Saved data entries
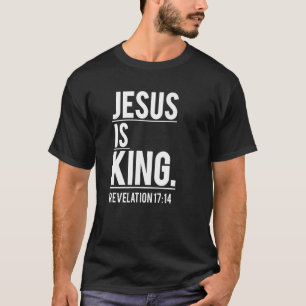 Jesus Is King Christian Bible Scripture Christian T-Shirt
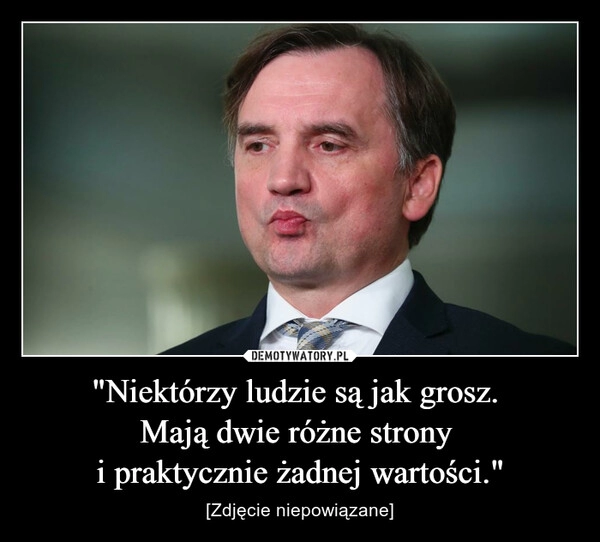 
    "Niektórzy ludzie są jak grosz. 
Mają dwie różne strony 
i praktycznie żadnej wartości."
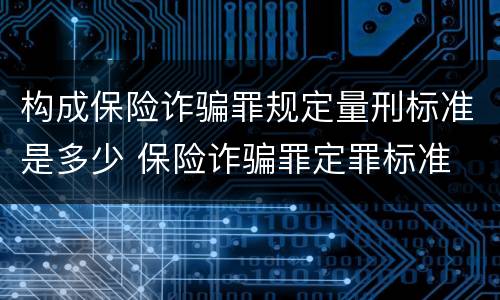 构成保险诈骗罪规定量刑标准是多少 保险诈骗罪定罪标准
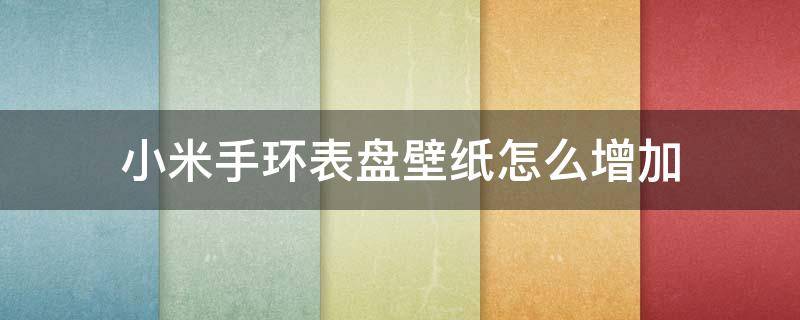 小米手环表盘壁纸怎么增加 小米手环表盘壁纸自定义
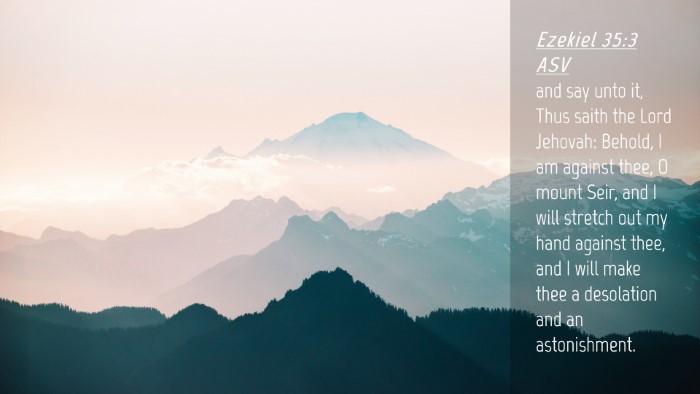Picture 04 - Ezekiel 35:3 ASV Desktop Wallpaper - and say unto it, Thus saith the Lord Jehovah: - Desktop Bible Verse Wallpaper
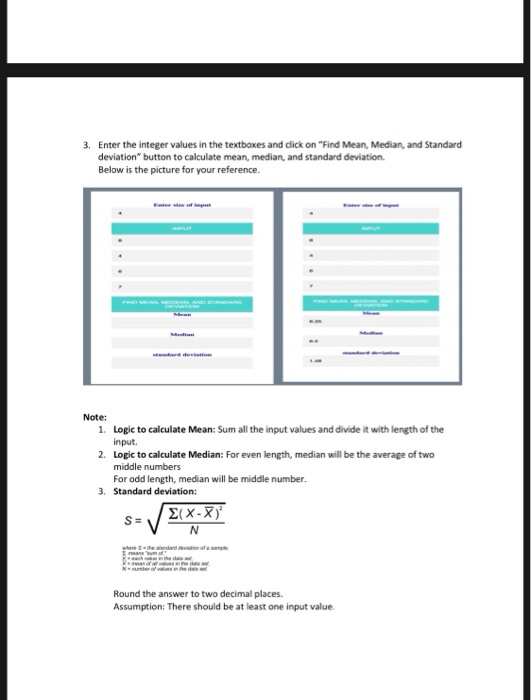 3. Enter the integer values in the textboxes and click on Find Mean, Median, and Standard deviation button to calculate mea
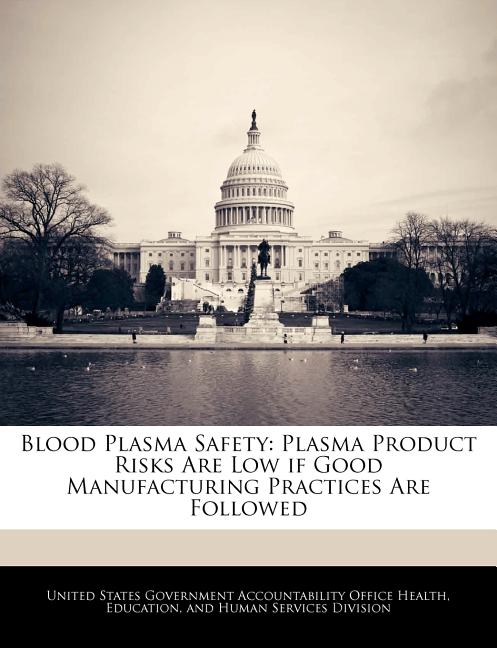 Blood Plasma Safety: Plasma Product Risks Are Low If Good Manufacturing Practices Are Followed - Ingram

-- The task --
Word for word, write out each line of the records, but leave the pictures behind.

-- Task solution --
 Jesus Is King Christian Bible Scripture Christian T-Shirt
    "Niektórzy ludzie są jak grosz. 
Mają dwie różne strony 
i praktycznie żadnej wartości."
 构成保险诈骗罪规定量刑标准是多少 保险诈骗罪定罪标准
 小米手环表盘壁纸怎么增加 小米手环表盘壁纸自定义
Picture 04 - Ezekiel 35:3 ASV Desktop Wallpaper - and say unto it, Thus saith the Lord Jehovah: - Desktop Bible Verse Wallpaper
 3. Enter the integer values in the textboxes and click on Find Mean, Median, and Standard deviation button to calculate mea
 Blood Plasma Safety: Plasma Product Risks Are Low If Good Manufacturing Practices Are Followed - Ingram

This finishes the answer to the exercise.